The Gombak District is an administrative district located in the state of Selangor, Malaysia. The district was created on February 1, 1974, the same day when Kuala Lumpur was declared a Federal Territory. Until 1997, Rawang was the district capital; the capital has been moved to Bandar Baru Selayang. Gombak borders Kuala Lumpur to the southeast and the Genting Highlands to the east. Both Gombak and Kuala Lumpur, along with some other districts in Selangor, are situated within the Klang Valley. Other localities that are situated in Gombak district include Batu Arang, Kuang, Rawang, Kundang, Gombak Town, Selayang, Batu Caves and Hulu Kelang.

The International Islamic University Malaysia (IIUM/UIAM) main campus is also located here as well as the Batu Caves. Gombak is also home to an aboriginal Orang Asli settlement, and it is the site of the Orang Asli Museum.

Gombak River merges with the larger Klang River in Kuala Lumpur. The meeting place of the two rivers is the birthplace of Kuala Lumpur. At the center of the confluence is the Masjid Jamek.

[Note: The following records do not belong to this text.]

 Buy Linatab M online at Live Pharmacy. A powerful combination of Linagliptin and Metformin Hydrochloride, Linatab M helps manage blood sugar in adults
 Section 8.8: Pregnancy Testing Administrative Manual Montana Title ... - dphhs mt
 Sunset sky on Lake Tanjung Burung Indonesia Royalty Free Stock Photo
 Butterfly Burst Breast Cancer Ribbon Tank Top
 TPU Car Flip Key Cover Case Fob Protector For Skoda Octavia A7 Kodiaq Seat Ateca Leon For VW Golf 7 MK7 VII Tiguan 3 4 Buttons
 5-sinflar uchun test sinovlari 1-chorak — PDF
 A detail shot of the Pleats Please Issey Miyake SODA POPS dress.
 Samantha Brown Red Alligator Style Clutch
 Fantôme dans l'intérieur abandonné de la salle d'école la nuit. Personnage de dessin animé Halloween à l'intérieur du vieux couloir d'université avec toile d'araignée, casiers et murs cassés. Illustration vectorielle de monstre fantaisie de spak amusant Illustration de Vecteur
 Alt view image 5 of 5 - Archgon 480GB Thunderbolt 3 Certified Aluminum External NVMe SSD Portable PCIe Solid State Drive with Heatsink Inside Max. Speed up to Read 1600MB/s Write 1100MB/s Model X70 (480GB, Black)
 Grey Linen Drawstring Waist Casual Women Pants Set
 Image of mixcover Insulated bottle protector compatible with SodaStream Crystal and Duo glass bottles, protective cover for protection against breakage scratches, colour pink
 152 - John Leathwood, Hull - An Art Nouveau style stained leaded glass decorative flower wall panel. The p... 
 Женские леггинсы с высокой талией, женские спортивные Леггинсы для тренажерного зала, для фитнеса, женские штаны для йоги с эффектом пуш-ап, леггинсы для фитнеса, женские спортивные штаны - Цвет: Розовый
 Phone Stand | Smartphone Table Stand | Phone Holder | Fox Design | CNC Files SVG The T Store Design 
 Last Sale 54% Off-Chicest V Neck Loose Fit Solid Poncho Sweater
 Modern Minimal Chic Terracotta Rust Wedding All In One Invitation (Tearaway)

Gombak (town) also refers to as a locality (town/area/suburb) in the northern and central portion of the Setapak subdistrict (both in Gombak and Kuala Lumpur). Before 1974, Gombak was a town before it became a district. Gombak was home to the settlements of the first Minangkabau immigrants in the 1800s and was established soon after. Old mosques in the Gombak area such as the Masjid Lama Batu 6 Gombak are still standing to this day. Today, Gombak can be referred to both the town and district itself but the locals usually refers Gombak as the town, not the district.

Administrative divisions

Gombak District is divided into 4 mukims, which are:
 Batu
 Rawang
 Setapak
 Ulu Klang

Government
Gombak is partly administrated by two different local governments completely within it, which fall under the state jurisdiction, not the district:
 Ampang Jaya Municipal Council (Among Mukim Ulu Kelang of the district)
 Selayang Municipal Council (Most part of district except Mukim Ulu Kelang area)

Demographics 

The following is based on Department of Statistics Malaysia 2010 census.

Gombak has one of the largest Hui Muslim Communities in Malaysia. Nearly 60% of Hui Chinese live in Gombak.

Education

National education is under the purview of the Gombak District Education Office. As of 2014, there were 53 national type primary schools, eight national type (Chinese) primary schools, seven national type (Tamil) primary schools, 30 national type secondary schools (SMK), two national type secondary boarding schools (SM Berasrama Penuh), two national type secondary Islam religious school (SM Agama) and two national type secondary vocational schools (Kolej Vokasional)

Tourist attractions

Gombak has a large amount of recreational area and tourist attraction.

 Batu Caves
 Forest Research Institute Malaysia
 Batu Dam, Batu Caves
 Gua Damai Extreme Park, Batu Caves
 Batu Arang Heritage Town
 Orang Asli Museum, Gombak
 Hutan Lipur Bukit Lagong, Selayang
 Hutan Lipur Sungai Tua, Selayang
 Kancing Forest Park, Rawang
 Selayang Hot Spring, Selayang
 Commonwealth Forest Park, Rawang
 Templer Park, Rawang
 Tasik Biru Kundang, Kundang
 National Zoo of Malaysia
 Klang Gates Dam
 Batu Asah Waterfall, Hulu Kelang
 Ampang Forest Reserve, Hulu Kelang
 Selangor Fruit Valley, Batu Arang

Federal Parliament and State Assembly Seats

List of Gombak district representatives in the Federal Parliament (Dewan Rakyat) 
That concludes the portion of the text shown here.